Democrats will host 11 hours of programming between Monday and Thursday of this week, including hundreds of different video feeds. Some of it will be live, some prerecorded. It'll be on multiple channels, set-top boxes, even Spotify and Alexa.
- Merging hundreds of remote video streams over a multi-day period is a production challenge unlike anything television has seen before, said Andrew Binns, chief operating officer of the Democratic National Convention Committee.
- "No one has ever done what we are going to do here," Binns said. "All of those remotes coming into a live broadcast in real-time and being sent out for four nights is an amazing feat that hasn't happened yet."

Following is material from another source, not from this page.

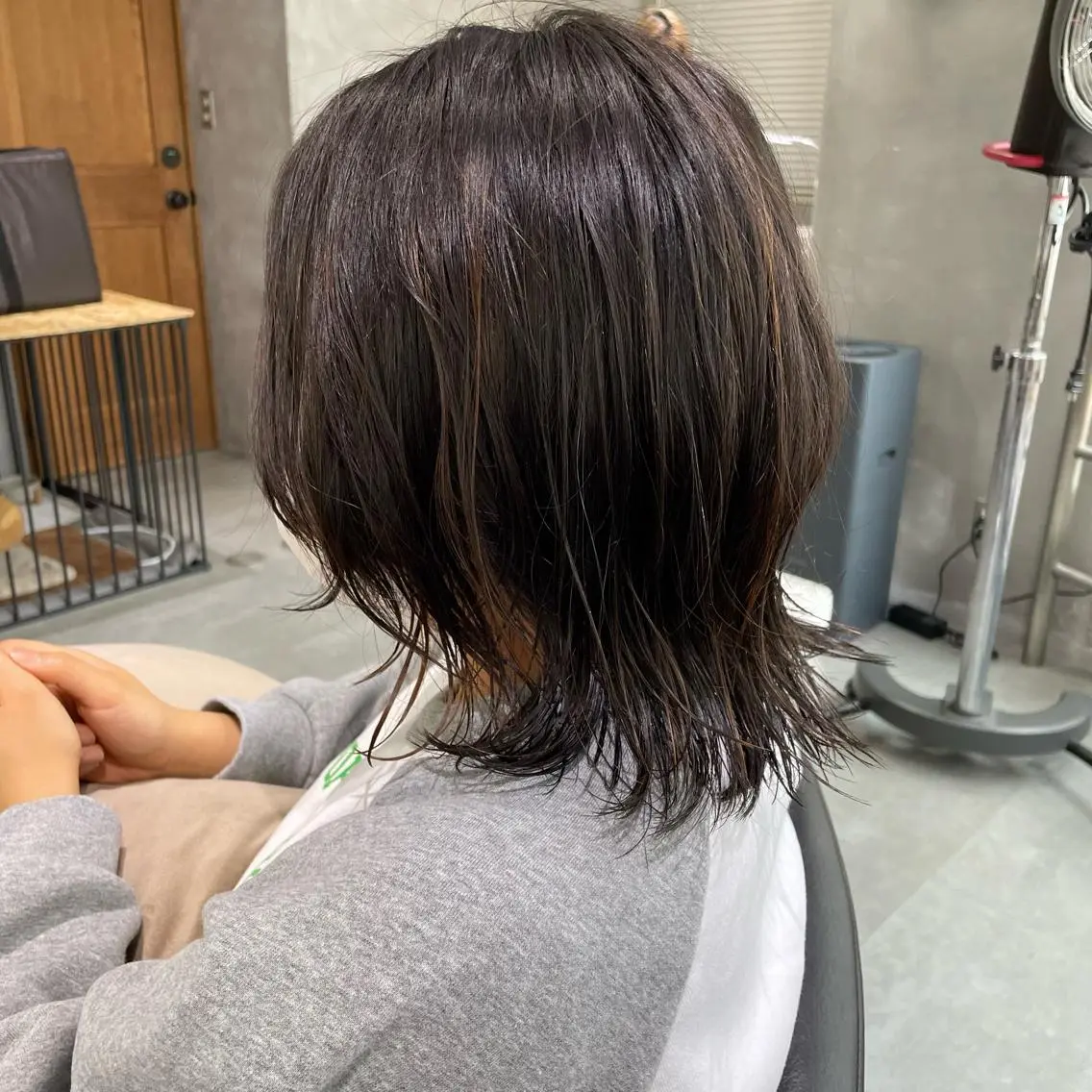 ミディアム パーマ ミディアムパーマ ニュアンスパーマ ウルフ レイヤー パーマ🪐MANAのヘアスタイル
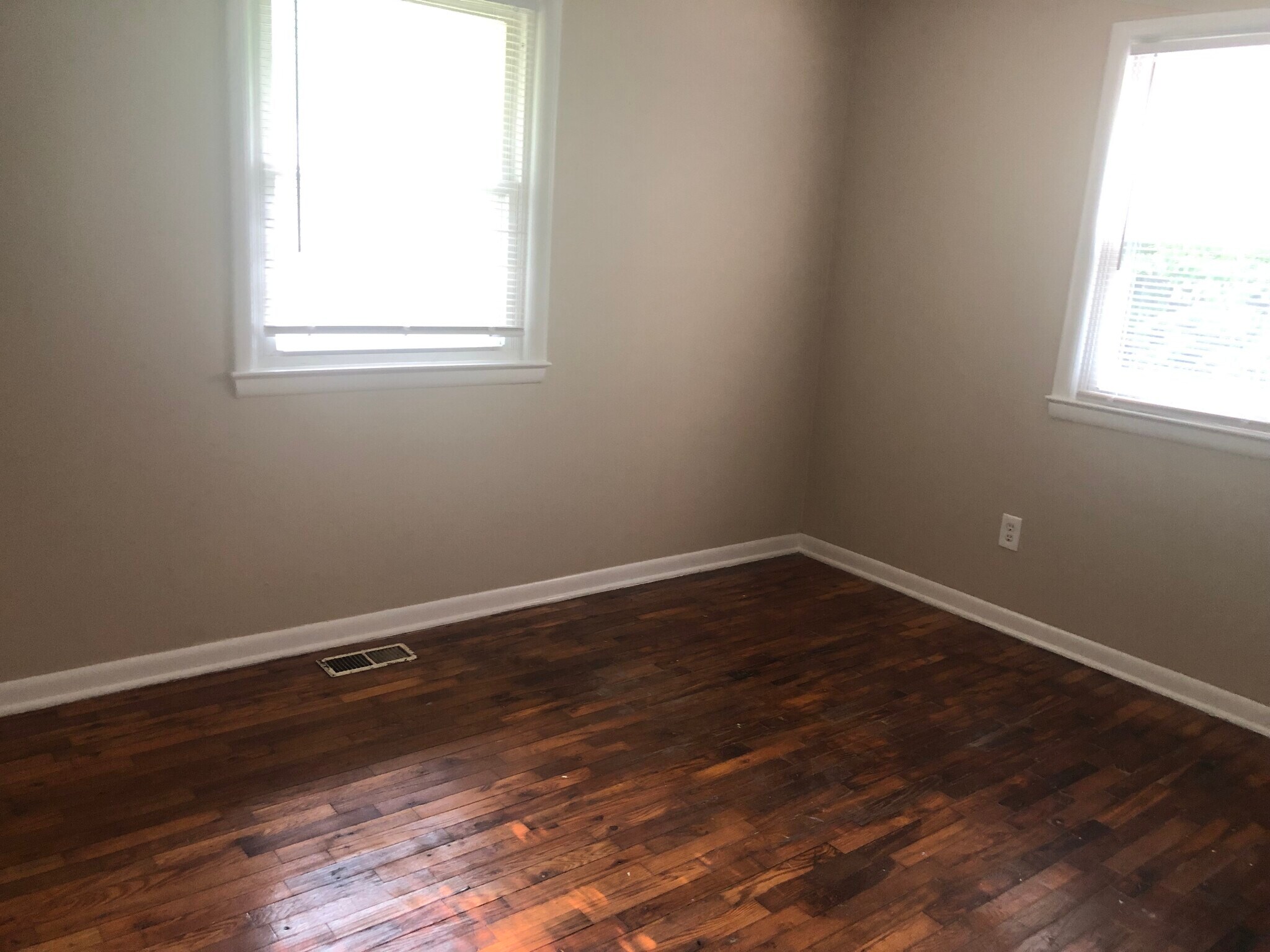 Building Photo - 3702 Ivanhoe Ave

Then, there's the official party business — you know, like voting on a nominee and a platform — that the DNCC also had to figure out how to handle remotely. Throughout the month of July, the platform committee met on Zoom and broadcast their meetings on YouTube. In early August, delegates received individualized ballots by email, which they were to fill out and return to their state Democratic Party last week.
Meanwhile, outside of the party apparatus, tech giants are on the lookout for new threats and disinformation campaigns that could coincide with the convention.
- On a call with reporters last week, Facebook's head of cybersecurity policy Nathaniel Gleicher said that the conventions were a big topic of conversation when tech companies recently met with government officials to discuss election security.
- "Critical civic moments like that can often be a magnet for an operation," Gleicher said. "And in a time like this where the conventions are going to be different than they've ever been because they will be online, we need to think about does that change our posture?"